Oil Hits Three-Month High on Saudi Cuts, U.S.-China Talks

American Energy Coalition - February 21st, 2019

"U.S. oil prices rose to a three-month high Tuesday, fueled by production cuts from Saudi Arabia and other producers and continued optimism over U.S.-China trade negotiations", according to a story in yesterday's Wall Street Journal.

"...U.S. stock markets edged higher most of the session Tuesday after a three-day weekend, as investors focused on another round of U.S.-China trade talks that moved back to Washington this week from Beijing. Those gains seemed to create broad-market risk appetite, pushing oil prices higher."

"“Much of the near-term outlook continues to focus on trade talks between the U.S. and China, with a recent turn towards more optimistic rhetoric helping to alleviate some of the broad demand concerns hanging over the market in recent months,” said Robbie Fraser, global commodity analyst at Schneider Electric in Louisville."

"Oil prices could continue to take their cues on the U.S.-China trade issue from stock markets, said Michael Poulsen, analyst at consulting firm Global Risk Management. “In the short run, it’s macro driven and also strongly linked to developments in equities,” he said", reports the Jouranl Story.

"Crude-oil volumes shipped from major producer Saudi Arabia fell in the first half of February to 6.2 million barrels a day, down 1.3 million barrels a day from the previous month, according to data published by ship tracking firm Kpler on Monday.

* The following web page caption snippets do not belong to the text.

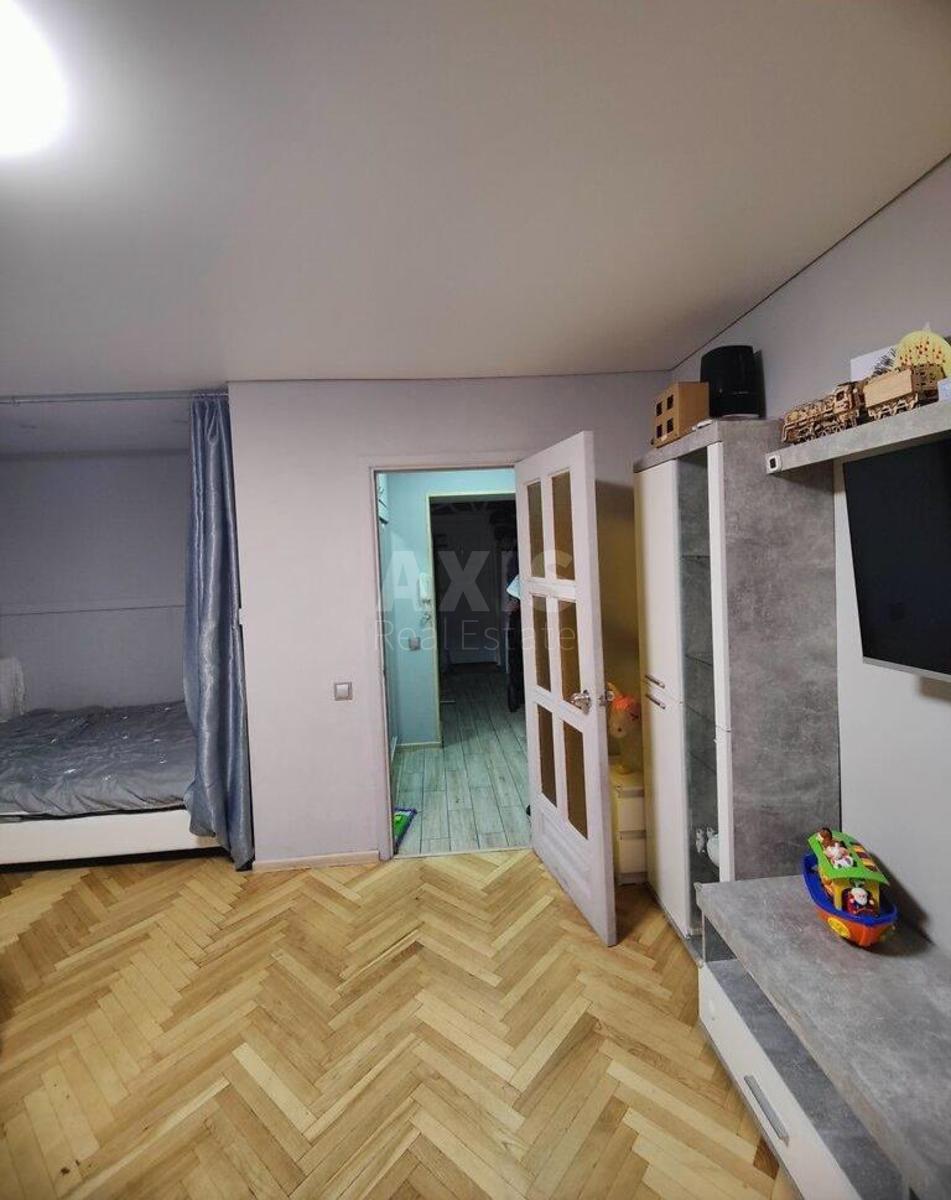 1k apartment vul. Praz'ka 22А5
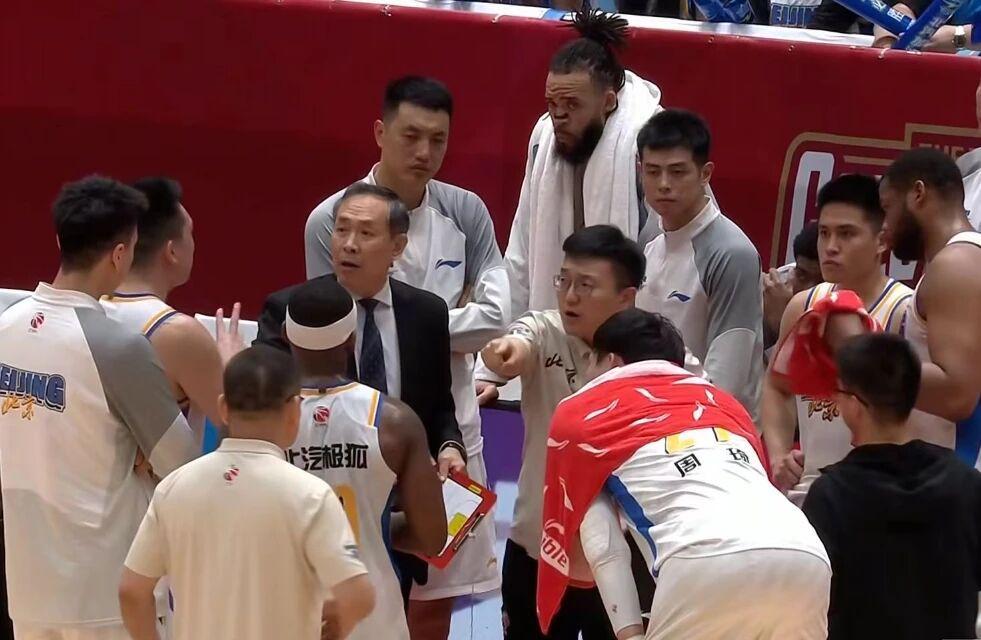 中欧体育登录入口-北京男篮15分惨败，不敌浙江掉出四强，篮板球被爆，周琦13+10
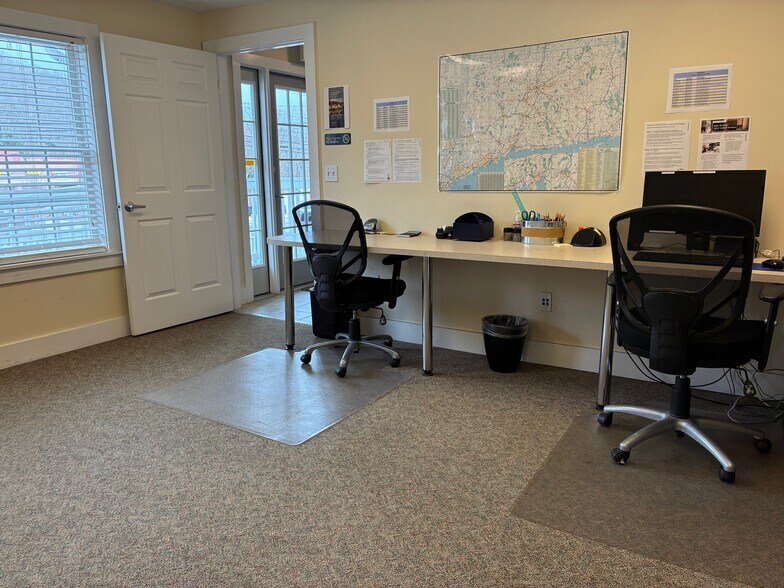 More Photos Of 76 Salem Tpke, Norwich Office For Sale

The data confirmed comments from the kingdom’s oil minister who said earlier this month that the country would further cut output. Kpler data showed fewer shipments had been destined for the U.S., India, Thailand and South Korea in particular. “There is also evidence that Saudi Arabia has increased refinery throughput so far through February,” said Kpler, adding that departures of oil products have spiked to 1.56 million barrels a day, up 0.19 million barrels in the month."

"Cuts implemented at the start of the year by the Organization of the Petroleum Exporting Countries and its allies, led by Russia, are having an impact, with Saudi Arabia exceeding its targets, analysts said. “Saudi Arabia’s production cuts by more than the required level also serve to offset the lack of compliance by countries like Iraq,” said Commerzbank in a daily note. The OPEC and non-OPEC joint ministerial monitoring committee, or JMMC, which monitors participating countries’ conformity levels to the cuts agreement, is due to meet in Azerbaijan on March 18..." says the WSJ.